I need to convert abbreviations back using NLP.
Like what's
to what is
, it's
to it is
, etc.
I want to use it to preprocess the raw sentence.
Actually, I also confused about whether I should do this or just simply remove the '
and convert what's
to whats
. Otherwise, anyway, is
will be removed as a stop word in a later step.
In another hand, should we consider whats
and what
as lemma
?
Or, we should use stemmer to cut the s
off?
BTW, I don't think abbreviation is the right term here, but I'm not good at English as well. So, please introduce me the formal NLP or linguistics term we used for what's
, how's
, etc.
Normally, NLP libraries such as Spacy and NLTK do a good job doing tokenization transforming like "It's"
into ["It", "'s"]
. but transforming something like what's
into ["what", "is"]
is more problematic, because you can have examples such `"Amy's ballet studio" where the "'s" is not "is".
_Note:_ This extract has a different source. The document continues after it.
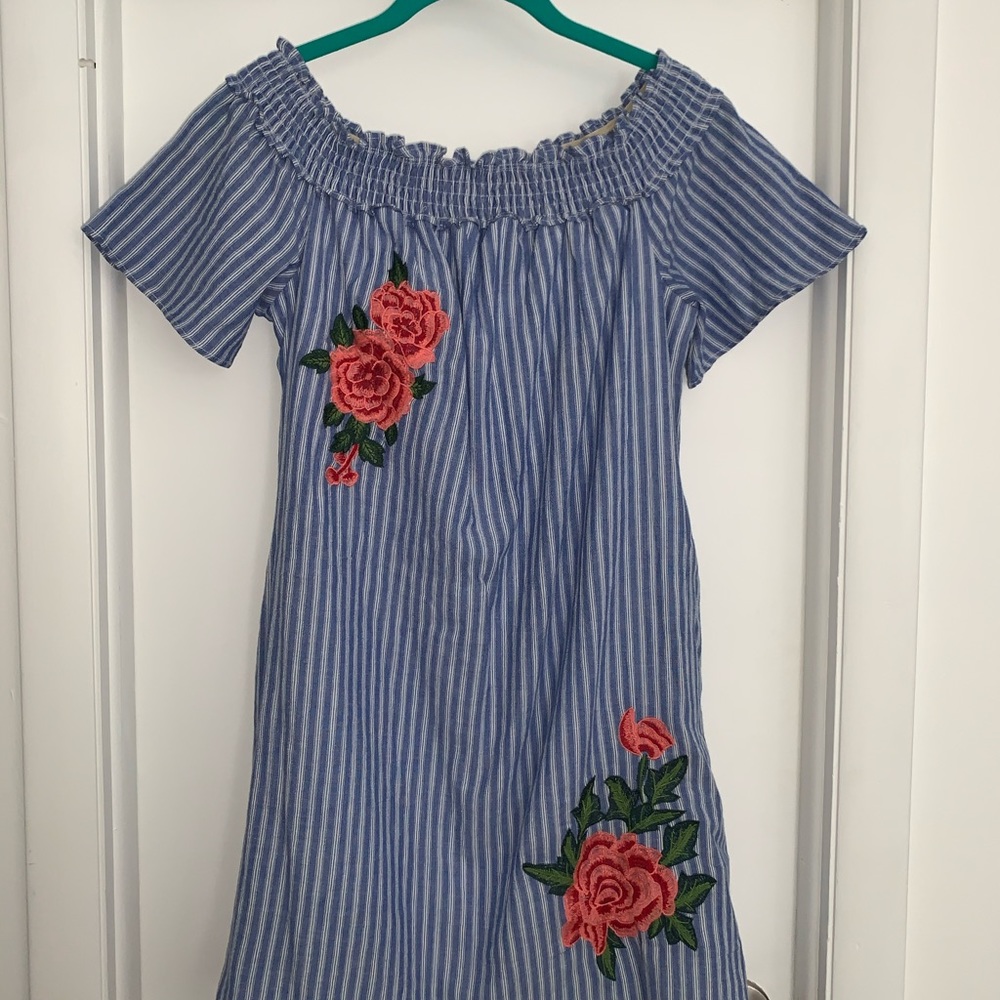 Davi & Dani Off the Shoulder Dress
You could map all cases (he's, I'm, what's, etc) and add new rules to the tokenizer, Spacy allows that:
import spacy
from spacy.symbols import ORTH, LEMMA, POS, TAG
nlp = spacy.load("en_core_web_sm")
doc = nlp(u"He's buying that") # phrase to tokenize
print([w.text for w in doc]) # ['He', "'s", "buying", 'that']
# add special case rule
special_case = [{ORTH: u"He'", LEMMA: u"He", POS: u"PRONOUM"}, {ORTH: u"is"}]
nlp.tokenizer.add_special_case(u"He's", special_case)
# check new tokenization
print([w.text for w in nlp(u"He's buying that")]) # ["He'", "is", "buying", "that"]
This gist does an extensive job on setting those rules. But I'm not sure if it is worth doing so, maybe it will not have a great impact on the task you have at hand.